I'd also be interested in how you rebuilt the VersaPacks. When I contemplated such a project, it wasn't obvious how to get 'em apart without damage.
That's what I was looking for (the data sheet). I did read thru a good part of that thread "120 VAC LED lamp innards". I must say that a thread of over 100 messages and filled with a whole string of bickering and flames is not the easiest thing to digest. I also found a link in there to some wersite that stated that I needed to pay or be a member to download their damn .jpg picture schematic. Of course I know this is usenet and this is expected. amd its still 1000 times more useful than facebook or any of that trash that seems to have become the whole reason most people use a computer these days.

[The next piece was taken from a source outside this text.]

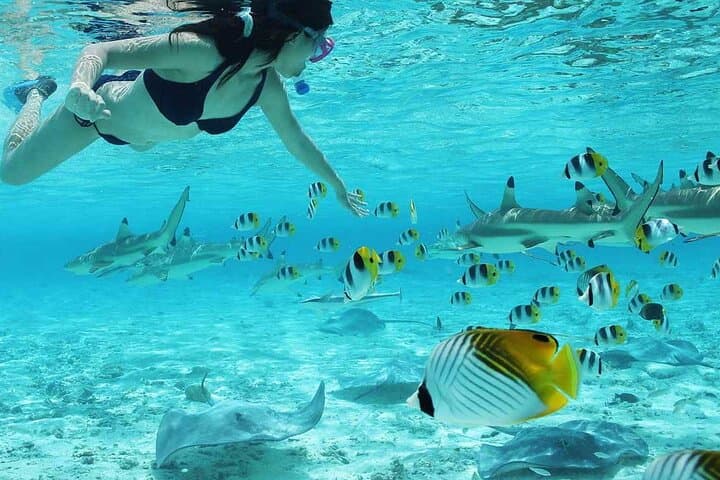 Bora Bora ATV & Snorkel Combo: Quad Tour and Shark & Ray Safari photo 3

Anyhow, I have learned from all of this, and now pretty much know that the LED light string on my christmas display contains no parts except the actual LEDs and the wiring/sockets. It's no wonder they dont hold up well, particularly when I'm connected to a rural line, connected to many large horsepower motors on farm equipment along with heating high power drawing heating devices, pumps, and more. Maybe what is really needed is a surge supressor and filter cap on the plug end of the lights.
It appears that LED lighting is the future of lighting. Incandescent is being phased out, CFL has always had it's downfalls, (particularly they wont work in unheated buildings in cold weather), not to mention they can catch on fire and contain mercury.
The LED flashlights have really come a long way since they first appeared on the shelves, so why not use them on 120vac. But then again, why not just take them to DC. I actually did some major house remodeling using a 30 LED worklignt, in a house that did not have power. When that worklight got weak, I would plug it into my truck's cig lighter socket to recharge. When I got home, I plugged that same light into a 120v outlet with a wall-wart xformer. I've had that worklight for at least 5 years now and it works great. That is the light setup of the future, it works in a house, car, or can be used in the wilderness when camping. It seems to me that the defect in the current 120vac lights are a lack of converting to DC before it enters the light string. Maybe that's where an improvement can be made. Running them off a wall-wart seems to be the solution, and at the same time a 12vdc auto adaptor can be used.
LED is still in it's infancy. Now it needs to grow.
Unless you have magic eyes, rectify and feed to one of the parts that is designed to provide constant current to LEDs (in series, up to the available voltage). If you can see 120hz "flicker" you have magical eyes, and must go nuts at movies or TV or computer monitors (I'd suppose you must do usenet on a DECWriter terminal or the like...no flicker.)
For free, try this one. Add a bigger capacitor if you need to deal with your magic eyes.
Cats, coffee, chocolate...vices to live by
Please don't feed the trolls. Killfile and ignore them so they will go away.
To be totally honest, I dont see flicker on even the cheapest LED xmas lights. However, I'd think that using a capacitor would make the whole string brighter since it's continuous, and for the cost of a cap, well worth it.
I still have a CRT tv set, and the flicker does not bother me, but the high voltage high freq. noise does bother me at times. My computer monitor is a LCD. I used to get sore eyes if I was on the computer for hours, this no longer happens. I know it's because I sit closer to the monitor than the tv.